Asıl ve birleşen davalarda davalı kooperatif vekili, arsa sahibi davalılardan bir kısmının, müvekkili kooperatife düşen hisselerin devri için tapuda imza vermeye yanaşmadıklarını, ancak bu tapu devirlerinin yapılmasından sonra iskan ve kat irtifakı aşamasına geçilebileceğini savunarak, asıl ve birleşen davaların reddini istemiş, asıl ve birleşen davalara karşı açtığı davasında ise, arsa payı karşılığı inşaat sözleşmesi imzalandıktan sonra, taşınmazların tamamının müvekkiline devredildiğini, ancak belediye tarafından 1991 yılında yapılan imar uygulamasında, 14841 ada 15 nolu parselin 40/433, 14841 ada 16 nolu parselin 95/488, 14840 .../...

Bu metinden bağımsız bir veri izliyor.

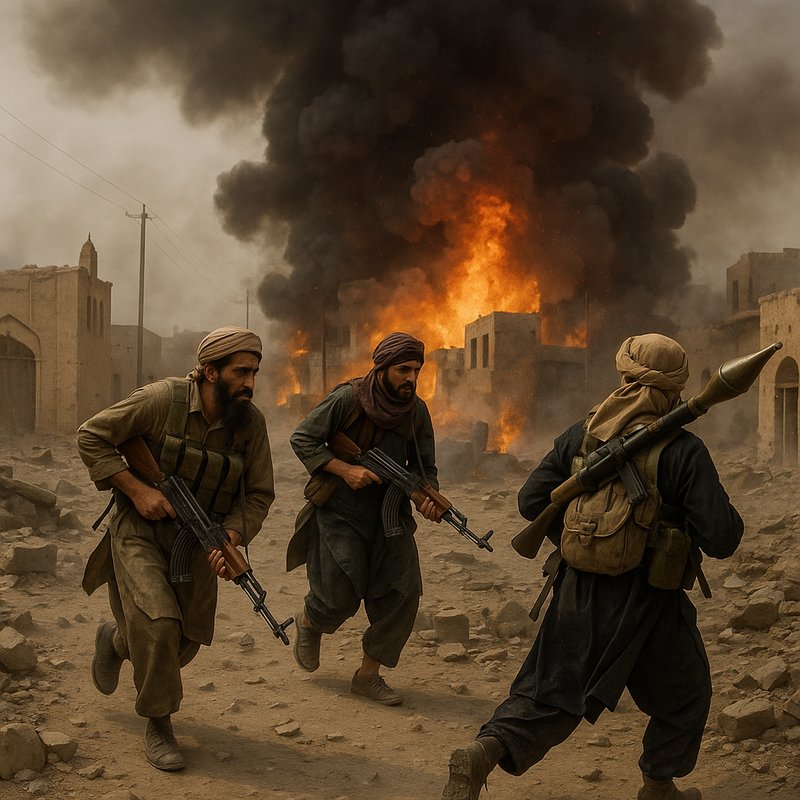 Historical event image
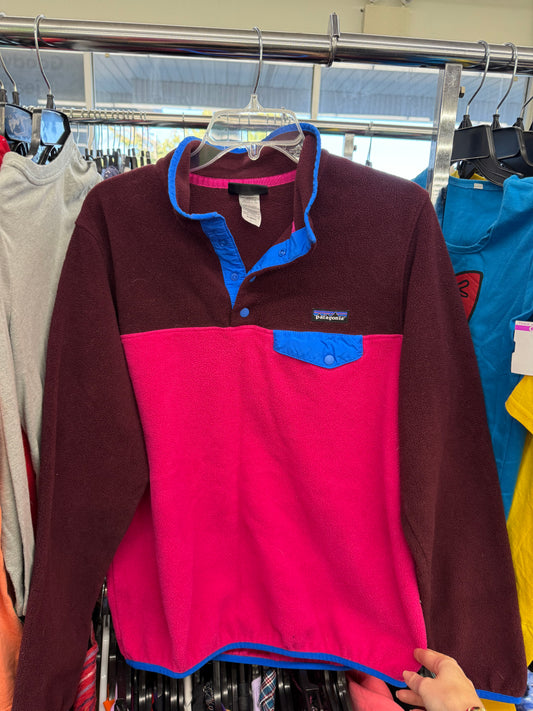 Patagonia Fleece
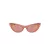 Dolce & Gabbana Kids DX 4008 3104/Z 44 Children sunglasses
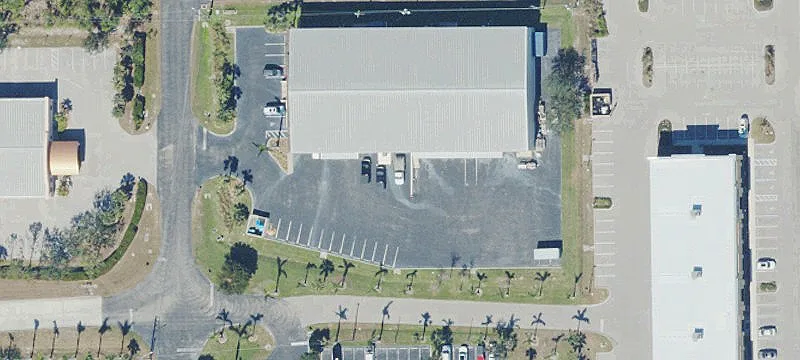 Flex and Warehouse Space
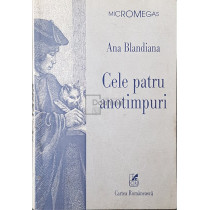 Cele patru anotimpuri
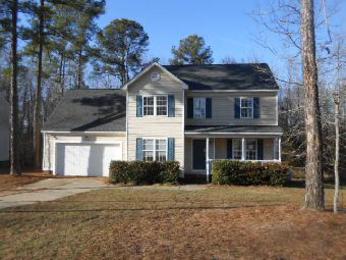 117 Hillsdale Dr, Clayton, NC 27527 
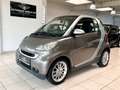smart forTwo fortwo coupe CDI/Servolenkung/Klima/Alus/Euro5 Gris - thumbnail 1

ada 5 nolu parselin 343/1129 oranındaki hissesinin yeniden arsa sahipleri adına tescil edildiğini, sözleşme gereğince arsa sahiplerinin bu hisseleri müvekkiline devretmeleri gerektiğini ileri sürerek, anılan taşınmazların tapu kayıtlarının iptali ile müvekkili kooperatif adına tescilini talep ve dava etmiştir.
Karşı davalarda davalılar vekilleri, karşı davaların reddini istemişlerdir.
Mahkemece, iddia, savunma, benimsenen bilirkişi raporu ve dosya kapsamına göre, davacıların murisi ..."nın sözleşme gereğince 5 parselde toplam 4171 m² arsa payı devri yapması gerekirken, 5636 m² devrettiği, bu haliyle arsa sahiplerinin tapu devri yükümlülüklerini yerine getirdikleri, bunun karşısında yüklenici kooperatifin arsa sahiplerine ait 9 adet bağımsız bölümün tapusunu devretmediği gerekçesiyle, asıl ve birleşen davaların kabulü ile dava konusu bağımsız bölümlerin davacılar adına tesciline, karşı davaların reddine karar verilmiştir.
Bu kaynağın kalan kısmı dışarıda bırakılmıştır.